Edmondo M. Benetti, ETH Zürich, Zürich, Switzerland 

The functionalization of inorganic and organic surfaces by highly branched, functional polymer adsorbates enables a fine tuning of the interfacial physicochemical properties and allows one to determine the interaction of the modified support with the surrounding environment. This is valid on metal oxide surfaces, where graft copolymers featuring different compositions and side chain topologies can assemble forming biopassive and lubricious interfaces.

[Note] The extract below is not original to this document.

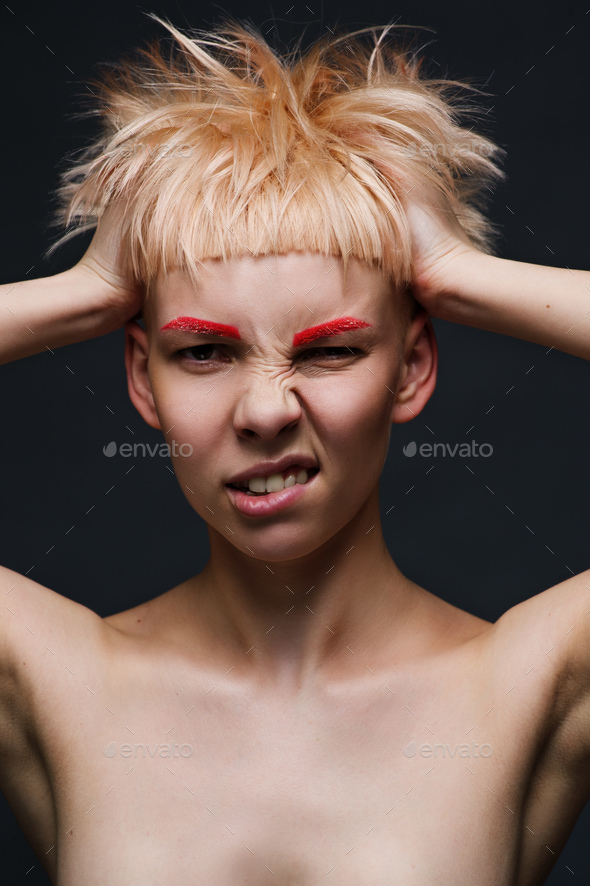 Close up on face of crazy mad cocky young woman with stylish dyed pink hair, hands ruffle her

Alternatively, from similar inorganic substrates, bottlebrushes with controlled molar mass and side chain length can be grown exploiting controlled radical polymerization (CRP) methods, enabling a broad modulation of steric stabilization of the surface, and tuning its biopassivity and nanotribological properties. The design concepts and functionalization strategies applied for model inorganic materials can be additionally enlarged to complex tissue surfaces such as articular cartilage, where highly branched, biocompatible copolymers can replace structurally similar biomacromolecules responsible for protection and lubrication of the underlying tissue. In this contribution, the influence of polymer architecture and composition on the fabrication and properties of graft copolymer- and bottlebrush-based interfaces will be discussed, bringing the abovementioned cases as examples of highly-technologically-relevant applications.